Mr Robin Cook (Livingston)

The right hon. Gentleman is well aware that we debated the matter a month ago. From the Dispatch Box, I recounted the way in which the Labour party would have behaved differently in relation to the BSE crisis over an entire decade—starting back in 1980, when we would not have abandoned the regulations that we left in place and which the Conservative party threw out of the window.

I was about to deal with the objections that the Foreign Secretary will raise in Dublin. One concerns measures designed to simplify procedures in the European Parliament. I must tell the Foreign Secretary that I have tried very hard to understand those procedures. There are six different ways in which the European Parliament passes legislation, and I have never yet managed to understand the distinction between them—and I am fairly confident that, if I cannot understand them, few of my constituents have a clear grasp of them.
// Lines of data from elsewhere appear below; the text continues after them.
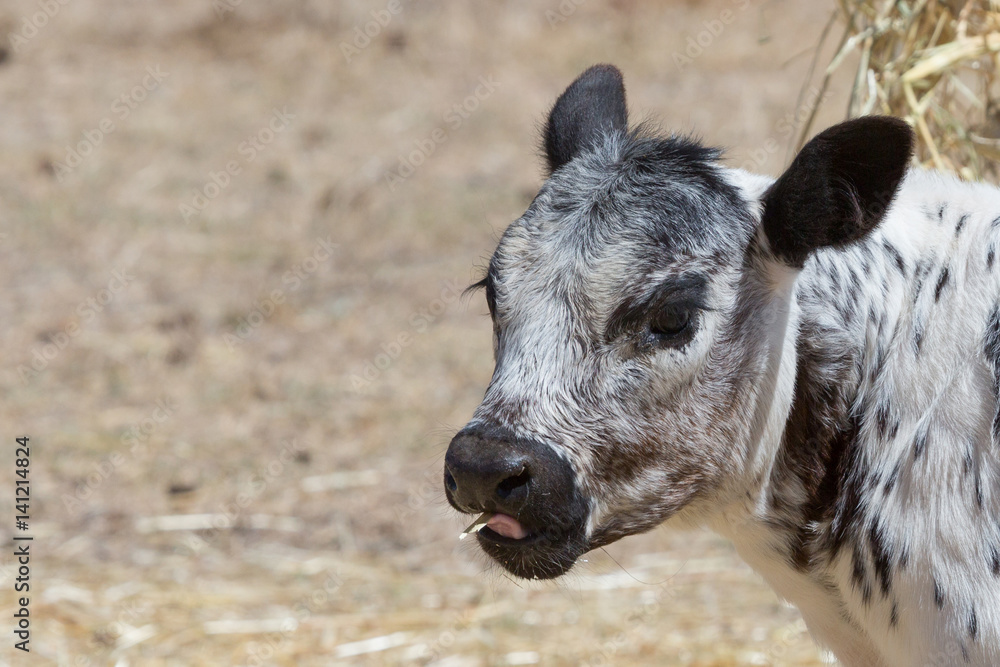 Fototapeta premium Speckle Park Calf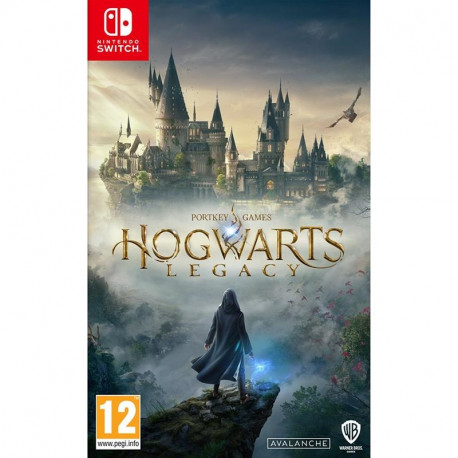 SW Hogwarts Legacy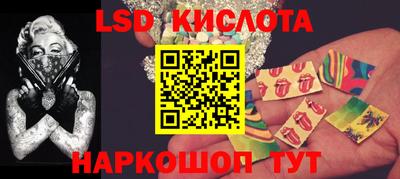 прущие грибы Абакан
If we wish to have a functioning democracy, its procedures must be transparent and understandable. That is why I believe that it would be right to widen the role of co-decision in the European Parliament, and in directives. I have never understood the logic of Conservative Members who complain about what they see as damaging legislation from Brussels, but then object to the European Parliament's having more powers to scrutinise such legislation. Such powers would not be at the expense of our Parliament; they would give it greater power of scrutiny over Brussels—not the right to initiate more legislation, but another hurdle before the passing of legislation.